*** Opening DATASET RECORDS ***

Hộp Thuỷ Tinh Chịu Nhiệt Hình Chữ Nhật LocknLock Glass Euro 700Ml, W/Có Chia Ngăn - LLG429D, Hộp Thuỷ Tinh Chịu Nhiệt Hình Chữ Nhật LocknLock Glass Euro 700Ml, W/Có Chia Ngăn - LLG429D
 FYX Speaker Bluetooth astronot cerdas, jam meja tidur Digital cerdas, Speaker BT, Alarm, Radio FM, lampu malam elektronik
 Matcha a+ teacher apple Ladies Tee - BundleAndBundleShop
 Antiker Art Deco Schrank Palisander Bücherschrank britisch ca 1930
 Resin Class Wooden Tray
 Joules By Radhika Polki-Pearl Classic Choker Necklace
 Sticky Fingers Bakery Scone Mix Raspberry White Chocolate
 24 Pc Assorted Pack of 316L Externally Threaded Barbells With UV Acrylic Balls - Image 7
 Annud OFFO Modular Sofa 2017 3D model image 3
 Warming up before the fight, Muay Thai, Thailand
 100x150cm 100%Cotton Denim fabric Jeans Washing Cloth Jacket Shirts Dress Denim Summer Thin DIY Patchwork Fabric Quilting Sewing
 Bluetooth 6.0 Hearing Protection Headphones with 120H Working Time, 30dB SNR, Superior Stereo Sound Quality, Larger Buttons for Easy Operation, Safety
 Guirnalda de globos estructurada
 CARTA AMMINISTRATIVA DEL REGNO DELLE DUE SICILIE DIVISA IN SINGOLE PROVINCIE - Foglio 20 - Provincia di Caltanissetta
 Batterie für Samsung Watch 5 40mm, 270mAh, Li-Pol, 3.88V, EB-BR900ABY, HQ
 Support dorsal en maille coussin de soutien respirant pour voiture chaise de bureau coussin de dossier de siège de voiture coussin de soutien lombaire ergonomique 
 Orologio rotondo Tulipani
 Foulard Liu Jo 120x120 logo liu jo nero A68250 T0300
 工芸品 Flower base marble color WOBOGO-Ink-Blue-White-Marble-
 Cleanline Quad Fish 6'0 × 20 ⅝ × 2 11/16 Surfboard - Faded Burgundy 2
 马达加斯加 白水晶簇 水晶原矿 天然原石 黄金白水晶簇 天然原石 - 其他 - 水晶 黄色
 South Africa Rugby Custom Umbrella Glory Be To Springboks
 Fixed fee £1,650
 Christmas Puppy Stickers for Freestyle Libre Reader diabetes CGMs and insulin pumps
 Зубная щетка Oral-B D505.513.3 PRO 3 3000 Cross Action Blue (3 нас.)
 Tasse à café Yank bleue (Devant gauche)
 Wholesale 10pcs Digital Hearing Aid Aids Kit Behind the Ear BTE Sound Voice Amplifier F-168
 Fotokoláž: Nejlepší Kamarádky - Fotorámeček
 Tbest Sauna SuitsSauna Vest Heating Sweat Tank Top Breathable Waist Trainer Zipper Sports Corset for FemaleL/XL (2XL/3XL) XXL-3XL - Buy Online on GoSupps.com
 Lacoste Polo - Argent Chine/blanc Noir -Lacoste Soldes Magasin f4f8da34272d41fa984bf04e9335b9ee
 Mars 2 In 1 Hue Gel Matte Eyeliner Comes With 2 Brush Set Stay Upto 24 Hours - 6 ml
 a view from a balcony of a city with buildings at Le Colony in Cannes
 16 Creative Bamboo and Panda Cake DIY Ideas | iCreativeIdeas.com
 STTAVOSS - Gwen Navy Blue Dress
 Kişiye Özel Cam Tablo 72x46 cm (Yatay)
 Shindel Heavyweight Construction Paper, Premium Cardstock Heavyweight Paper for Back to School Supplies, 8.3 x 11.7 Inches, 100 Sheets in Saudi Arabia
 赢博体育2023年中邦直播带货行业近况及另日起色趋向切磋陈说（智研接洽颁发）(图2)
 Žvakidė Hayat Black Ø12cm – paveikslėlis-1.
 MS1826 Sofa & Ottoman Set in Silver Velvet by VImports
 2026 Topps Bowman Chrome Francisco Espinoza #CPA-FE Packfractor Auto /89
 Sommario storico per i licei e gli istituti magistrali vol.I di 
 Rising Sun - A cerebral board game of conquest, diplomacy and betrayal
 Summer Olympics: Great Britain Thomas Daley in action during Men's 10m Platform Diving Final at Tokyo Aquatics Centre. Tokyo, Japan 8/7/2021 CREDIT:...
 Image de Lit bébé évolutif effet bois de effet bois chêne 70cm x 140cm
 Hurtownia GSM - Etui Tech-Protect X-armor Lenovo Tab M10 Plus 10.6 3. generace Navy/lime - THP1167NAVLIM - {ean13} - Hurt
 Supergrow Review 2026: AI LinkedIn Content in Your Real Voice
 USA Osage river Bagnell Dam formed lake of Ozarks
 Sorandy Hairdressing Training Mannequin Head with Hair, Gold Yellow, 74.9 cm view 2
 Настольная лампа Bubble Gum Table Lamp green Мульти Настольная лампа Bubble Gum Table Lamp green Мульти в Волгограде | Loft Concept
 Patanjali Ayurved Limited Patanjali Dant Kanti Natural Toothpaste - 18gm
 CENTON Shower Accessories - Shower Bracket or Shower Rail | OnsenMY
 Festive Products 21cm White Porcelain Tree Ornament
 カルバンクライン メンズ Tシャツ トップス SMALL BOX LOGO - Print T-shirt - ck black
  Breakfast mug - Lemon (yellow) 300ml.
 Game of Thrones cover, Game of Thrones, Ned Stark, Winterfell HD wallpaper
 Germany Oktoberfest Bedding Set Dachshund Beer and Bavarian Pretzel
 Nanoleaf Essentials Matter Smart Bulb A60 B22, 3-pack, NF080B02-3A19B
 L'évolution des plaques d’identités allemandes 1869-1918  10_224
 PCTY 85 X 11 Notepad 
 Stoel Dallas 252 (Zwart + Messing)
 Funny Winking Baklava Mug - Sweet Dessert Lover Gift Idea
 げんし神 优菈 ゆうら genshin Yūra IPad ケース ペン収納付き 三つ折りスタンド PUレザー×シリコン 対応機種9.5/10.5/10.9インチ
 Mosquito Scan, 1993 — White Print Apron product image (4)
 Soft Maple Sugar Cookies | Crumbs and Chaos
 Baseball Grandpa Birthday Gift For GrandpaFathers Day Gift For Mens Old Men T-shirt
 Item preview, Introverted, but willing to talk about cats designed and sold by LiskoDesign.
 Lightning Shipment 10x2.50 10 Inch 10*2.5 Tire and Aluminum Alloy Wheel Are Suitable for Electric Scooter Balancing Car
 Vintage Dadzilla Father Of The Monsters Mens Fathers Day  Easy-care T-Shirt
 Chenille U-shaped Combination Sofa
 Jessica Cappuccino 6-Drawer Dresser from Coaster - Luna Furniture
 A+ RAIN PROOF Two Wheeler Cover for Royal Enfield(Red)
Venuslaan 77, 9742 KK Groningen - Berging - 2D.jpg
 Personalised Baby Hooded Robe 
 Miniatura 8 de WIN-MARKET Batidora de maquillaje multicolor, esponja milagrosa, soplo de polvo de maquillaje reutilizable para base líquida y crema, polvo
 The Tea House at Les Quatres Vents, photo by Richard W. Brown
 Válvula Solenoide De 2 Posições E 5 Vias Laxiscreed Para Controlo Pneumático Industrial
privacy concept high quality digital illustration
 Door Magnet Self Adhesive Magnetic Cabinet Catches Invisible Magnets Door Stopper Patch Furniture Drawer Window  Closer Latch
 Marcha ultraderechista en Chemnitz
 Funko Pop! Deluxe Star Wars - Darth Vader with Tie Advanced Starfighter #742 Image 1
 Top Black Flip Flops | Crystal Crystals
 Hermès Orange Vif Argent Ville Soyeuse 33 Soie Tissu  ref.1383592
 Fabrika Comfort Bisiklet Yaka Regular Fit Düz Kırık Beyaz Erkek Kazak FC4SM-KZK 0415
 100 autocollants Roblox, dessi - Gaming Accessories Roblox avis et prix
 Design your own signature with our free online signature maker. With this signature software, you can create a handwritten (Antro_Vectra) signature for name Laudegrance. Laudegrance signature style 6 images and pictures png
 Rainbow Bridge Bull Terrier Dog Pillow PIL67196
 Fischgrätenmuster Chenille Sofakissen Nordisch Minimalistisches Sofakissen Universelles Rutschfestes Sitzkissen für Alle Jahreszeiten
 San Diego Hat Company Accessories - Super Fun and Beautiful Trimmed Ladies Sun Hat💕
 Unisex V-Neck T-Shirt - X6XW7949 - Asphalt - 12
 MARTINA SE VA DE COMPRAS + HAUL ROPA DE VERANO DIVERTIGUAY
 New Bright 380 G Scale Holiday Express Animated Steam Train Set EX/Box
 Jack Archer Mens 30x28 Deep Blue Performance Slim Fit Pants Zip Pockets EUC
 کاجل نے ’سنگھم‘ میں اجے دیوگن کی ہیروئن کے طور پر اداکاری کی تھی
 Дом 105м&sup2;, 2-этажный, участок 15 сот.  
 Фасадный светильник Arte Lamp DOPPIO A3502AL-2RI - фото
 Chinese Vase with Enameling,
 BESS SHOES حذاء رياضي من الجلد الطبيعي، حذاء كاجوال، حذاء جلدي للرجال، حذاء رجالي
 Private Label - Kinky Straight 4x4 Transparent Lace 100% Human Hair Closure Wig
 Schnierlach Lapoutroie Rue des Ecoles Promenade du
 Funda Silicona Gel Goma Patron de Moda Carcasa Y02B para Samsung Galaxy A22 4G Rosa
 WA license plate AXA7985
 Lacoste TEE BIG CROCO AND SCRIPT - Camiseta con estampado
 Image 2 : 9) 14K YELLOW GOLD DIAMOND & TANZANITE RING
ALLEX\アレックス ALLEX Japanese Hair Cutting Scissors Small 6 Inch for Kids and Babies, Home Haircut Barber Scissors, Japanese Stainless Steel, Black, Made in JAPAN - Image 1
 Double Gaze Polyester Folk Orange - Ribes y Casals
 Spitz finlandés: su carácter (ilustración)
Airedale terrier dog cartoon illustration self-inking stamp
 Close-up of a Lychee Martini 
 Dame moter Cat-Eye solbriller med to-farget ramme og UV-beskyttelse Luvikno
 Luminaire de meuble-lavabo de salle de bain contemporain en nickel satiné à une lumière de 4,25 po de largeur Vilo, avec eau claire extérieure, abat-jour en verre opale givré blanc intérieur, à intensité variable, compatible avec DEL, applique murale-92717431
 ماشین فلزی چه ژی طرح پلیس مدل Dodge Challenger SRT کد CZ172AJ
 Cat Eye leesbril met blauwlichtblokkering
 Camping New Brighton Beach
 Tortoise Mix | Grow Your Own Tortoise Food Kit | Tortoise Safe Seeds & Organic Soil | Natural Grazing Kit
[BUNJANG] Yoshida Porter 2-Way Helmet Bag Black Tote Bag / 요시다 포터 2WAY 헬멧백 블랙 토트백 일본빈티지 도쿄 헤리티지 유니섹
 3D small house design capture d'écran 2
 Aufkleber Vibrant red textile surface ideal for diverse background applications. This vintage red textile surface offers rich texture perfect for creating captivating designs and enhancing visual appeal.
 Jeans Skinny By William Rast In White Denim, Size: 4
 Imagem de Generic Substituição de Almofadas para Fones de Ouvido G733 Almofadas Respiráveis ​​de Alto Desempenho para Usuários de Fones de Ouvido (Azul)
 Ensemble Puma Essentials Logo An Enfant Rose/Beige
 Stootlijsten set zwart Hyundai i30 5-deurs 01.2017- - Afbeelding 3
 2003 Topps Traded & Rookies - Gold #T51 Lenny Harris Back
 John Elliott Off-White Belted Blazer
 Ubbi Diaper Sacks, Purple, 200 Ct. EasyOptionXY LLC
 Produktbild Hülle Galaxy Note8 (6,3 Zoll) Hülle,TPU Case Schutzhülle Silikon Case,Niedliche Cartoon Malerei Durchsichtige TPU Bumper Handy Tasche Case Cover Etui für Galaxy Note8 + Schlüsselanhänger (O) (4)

*** Closing DATASET RECORDS ***

> ACTIVITY
Among the lines above, find the one with "Funda Silicona Gel" and the one with "Ubbi Diaper Sacks, Purple, 200". Quote both and everything between them, exactly.

> RESULT
 Funda Silicona Gel Goma Patron de Moda Carcasa Y02B para Samsung Galaxy A22 4G Rosa
 WA license plate AXA7985
 Lacoste TEE BIG CROCO AND SCRIPT - Camiseta con estampado
 Image 2 : 9) 14K YELLOW GOLD DIAMOND & TANZANITE RING
ALLEX\アレックス ALLEX Japanese Hair Cutting Scissors Small 6 Inch for Kids and Babies, Home Haircut Barber Scissors, Japanese Stainless Steel, Black, Made in JAPAN - Image 1
 Double Gaze Polyester Folk Orange - Ribes y Casals
 Spitz finlandés: su carácter (ilustración)
Airedale terrier dog cartoon illustration self-inking stamp
 Close-up of a Lychee Martini 
 Dame moter Cat-Eye solbriller med to-farget ramme og UV-beskyttelse Luvikno
 Luminaire de meuble-lavabo de salle de bain contemporain en nickel satiné à une lumière de 4,25 po de largeur Vilo, avec eau claire extérieure, abat-jour en verre opale givré blanc intérieur, à intensité variable, compatible avec DEL, applique murale-92717431
 ماشین فلزی چه ژی طرح پلیس مدل Dodge Challenger SRT کد CZ172AJ
 Cat Eye leesbril met blauwlichtblokkering
 Camping New Brighton Beach
 Tortoise Mix | Grow Your Own Tortoise Food Kit | Tortoise Safe Seeds & Organic Soil | Natural Grazing Kit
[BUNJANG] Yoshida Porter 2-Way Helmet Bag Black Tote Bag / 요시다 포터 2WAY 헬멧백 블랙 토트백 일본빈티지 도쿄 헤리티지 유니섹
 3D small house design capture d'écran 2
 Aufkleber Vibrant red textile surface ideal for diverse background applications. This vintage red textile surface offers rich texture perfect for creating captivating designs and enhancing visual appeal.
 Jeans Skinny By William Rast In White Denim, Size: 4
 Imagem de Generic Substituição de Almofadas para Fones de Ouvido G733 Almofadas Respiráveis ​​de Alto Desempenho para Usuários de Fones de Ouvido (Azul)
 Ensemble Puma Essentials Logo An Enfant Rose/Beige
 Stootlijsten set zwart Hyundai i30 5-deurs 01.2017- - Afbeelding 3
 2003 Topps Traded & Rookies - Gold #T51 Lenny Harris Back
 John Elliott Off-White Belted Blazer
 Ubbi Diaper Sacks, Purple, 200 Ct. EasyOptionXY LLC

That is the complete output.